White House Space Plans Under Fire

on 24 February 2010, 5:25 PM | 0 Comments

A Congressional panel led by Bill Nelson, the influential Democratic senator from Florida, flayed NASA Administrator Charles Bolden this afternoon over the Administration's proposal to cancel NASA's $3 billion Constellation program. Nelson and other members on the space subcommittee of the Senate Commerce Committee—blamed NASA for what they described as the lack of a clear goal for exploration, signaling that the new space policy laid out in the Administration's 2011 budget will face tough political opposition in Congress in the months ahead.

NASA's plan, unveiled earlier this month, is to jettison an earlier program to land Americans on the moon by 2020 on board launchers and spacecraft that the space agency would develop for the purpose.
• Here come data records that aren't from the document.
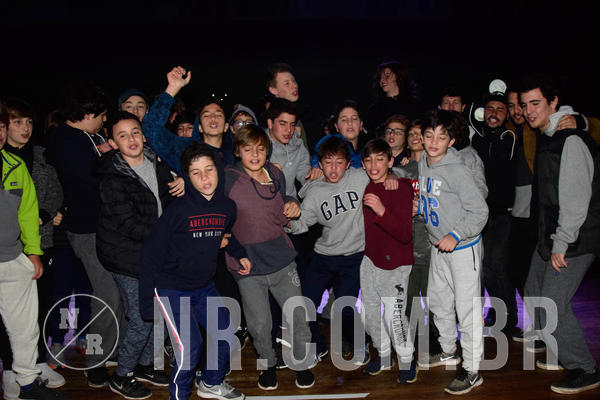 Buy your photos of the eventNR2 - Temporada de F�rias 09 a 22/07/18 on Fotop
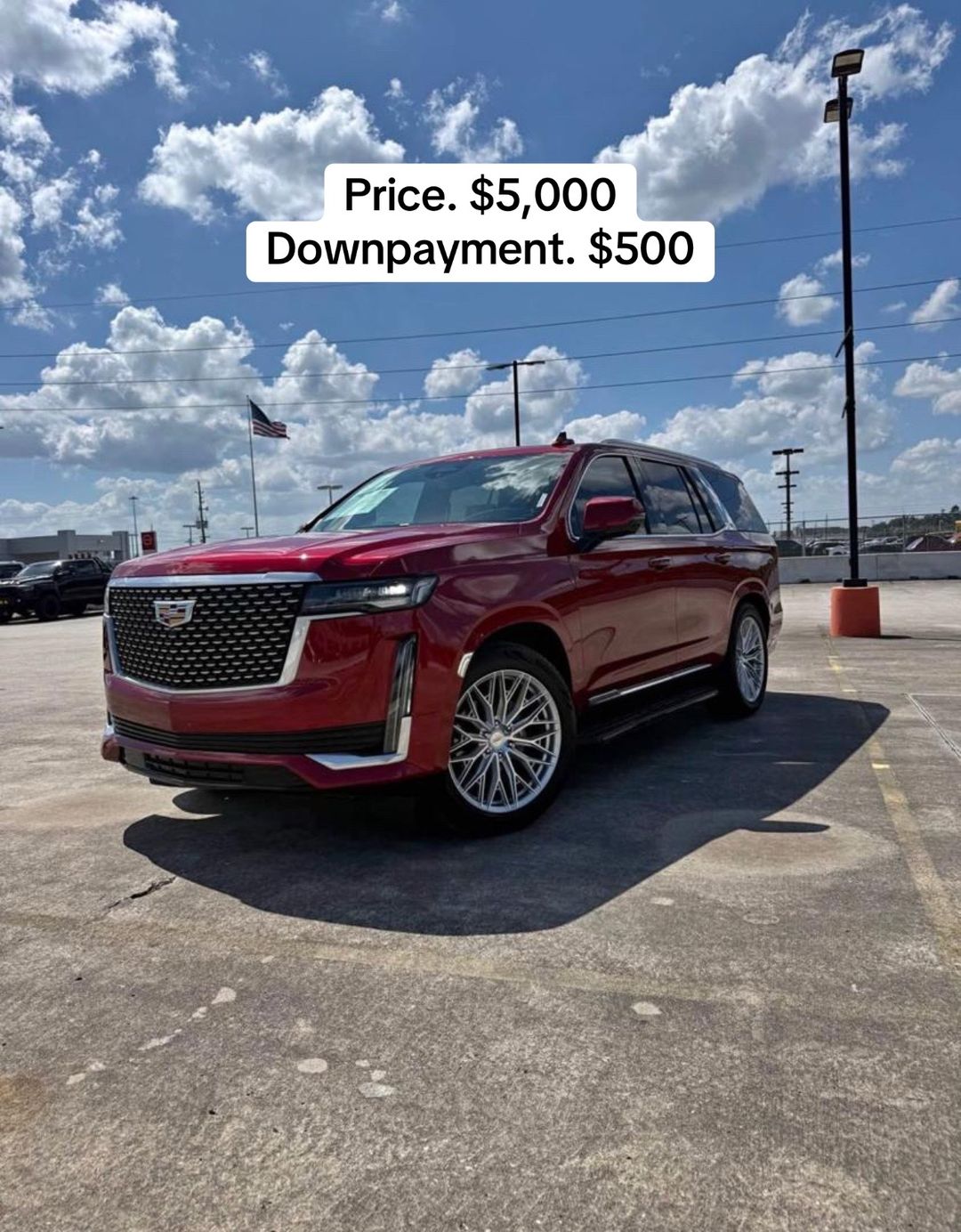 Car360 cover
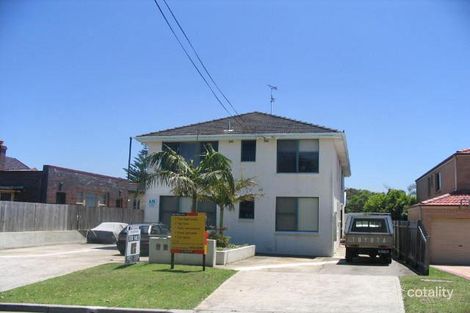 Property photo of 15 Links Avenue Cronulla NSW 2230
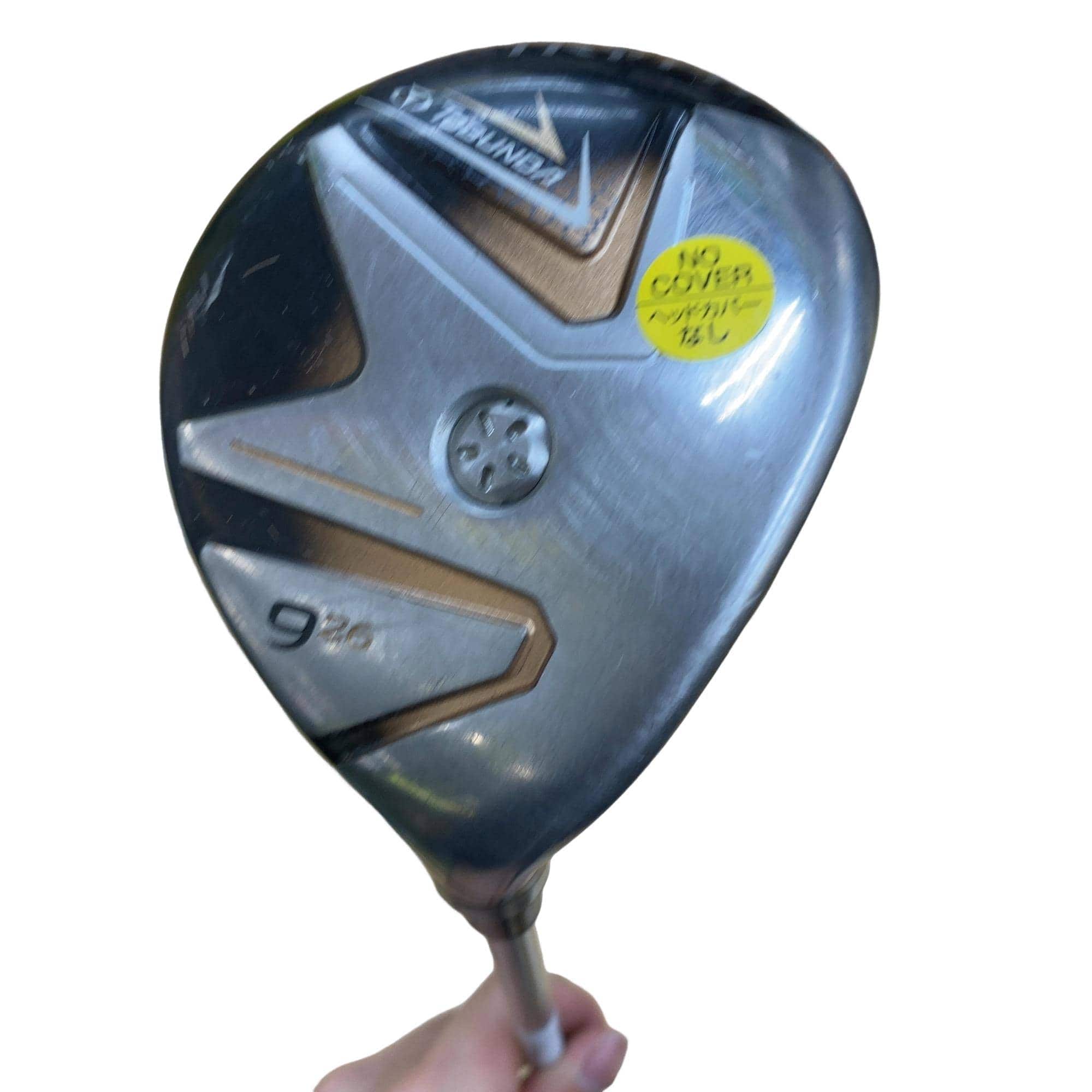 �s�n�a�t�m�c�`�@�s�q�x�@�e�h�s�i�Q�O�P�T�j�y�ʁ@�X�v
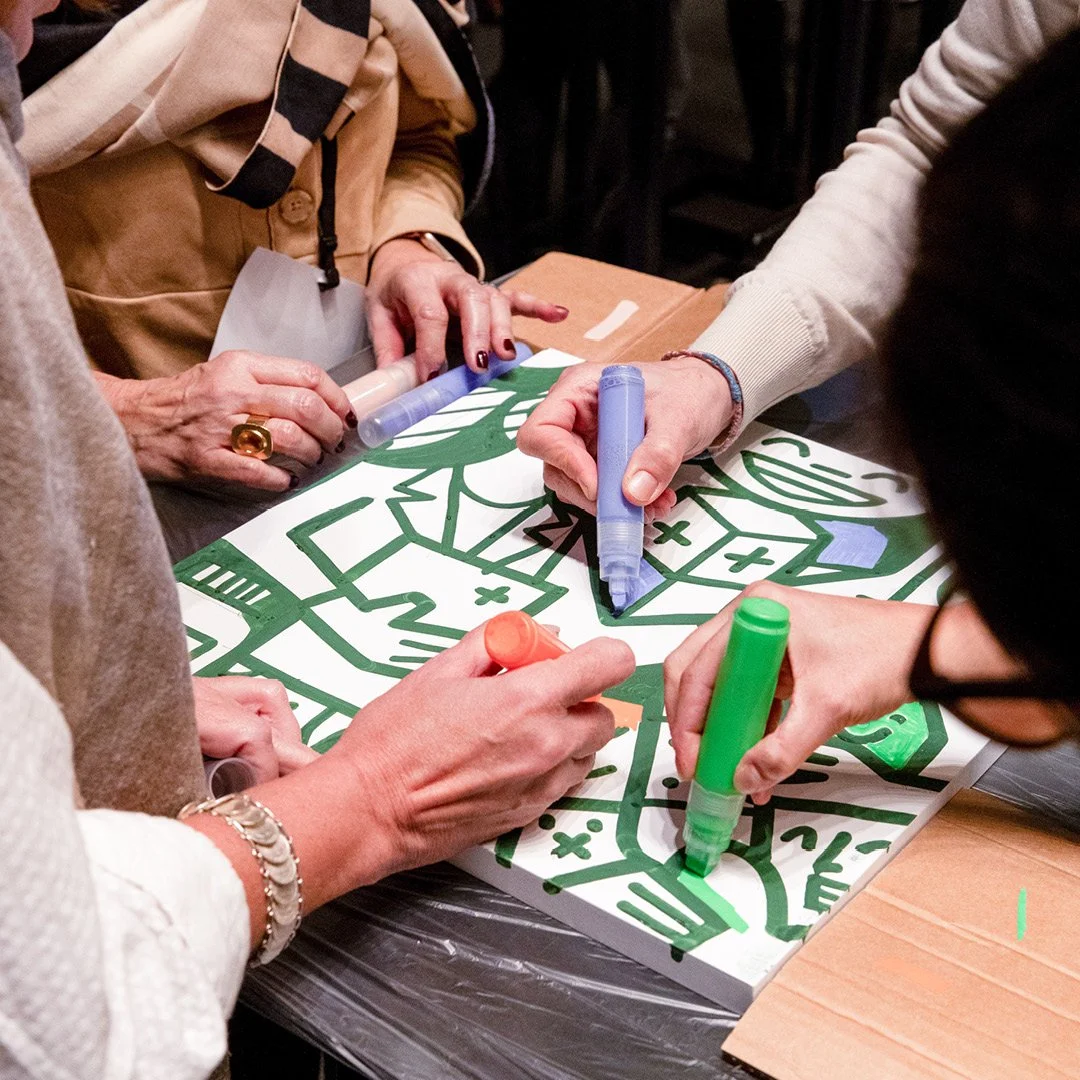 Social_BI 2_small4.jpg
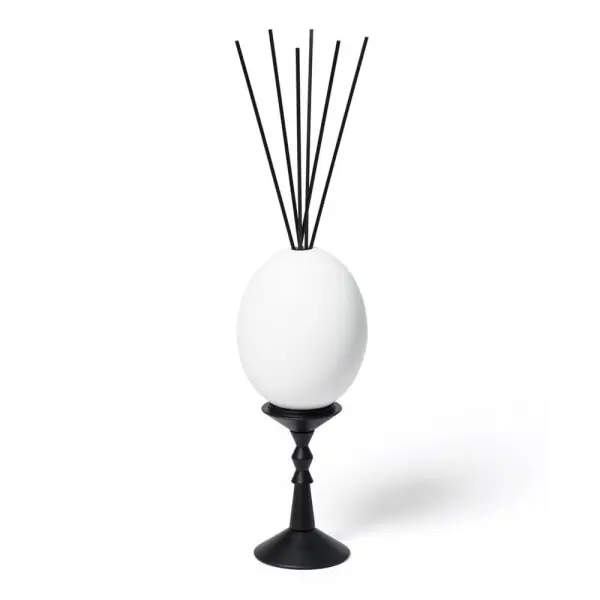 Trudon Cyrnos - L‘OEuf - Diffuser Neu Im Sortiment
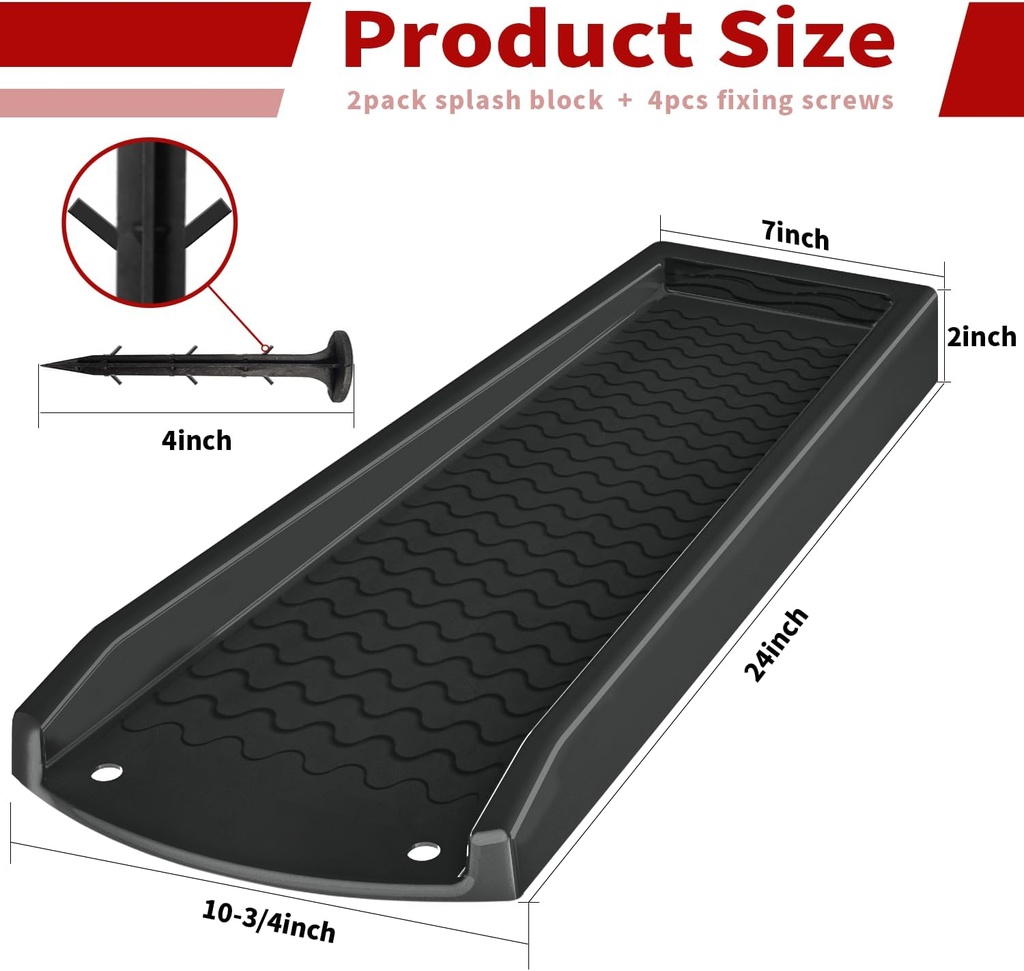 2-pack-downspout-splash-block-naacoo-24--6.jpg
Although agency officials say NASA is still interested in human spaceflight, the agency now intends to turn over the development of launch vehicles to the commercial sector, and invest strategically in developing key technologies toward long-range plans for sending astronauts beyond the low-earth orbit. However, NASA has yet to formally announce what destinations in space it will aim for, and by when.

At today's hearing, Bolden said that the new plan would advance rather than slow down space exploration in contrast to the lunar mission proposed by the previous Administration, which lacked sufficient resources to be viable. "A vision without resources is a hallucination," he said of the earlier plan. Ranking member Senator David Vitter (R-LA), who was particularly critical in his remarks, responded that NASA's lack of a vision was just as bad. "Resources without vision is a waste of time," he said.

Bolden will appear before the House of Representatives science committee at a hearing tomorrow, and will no doubt face similar questions.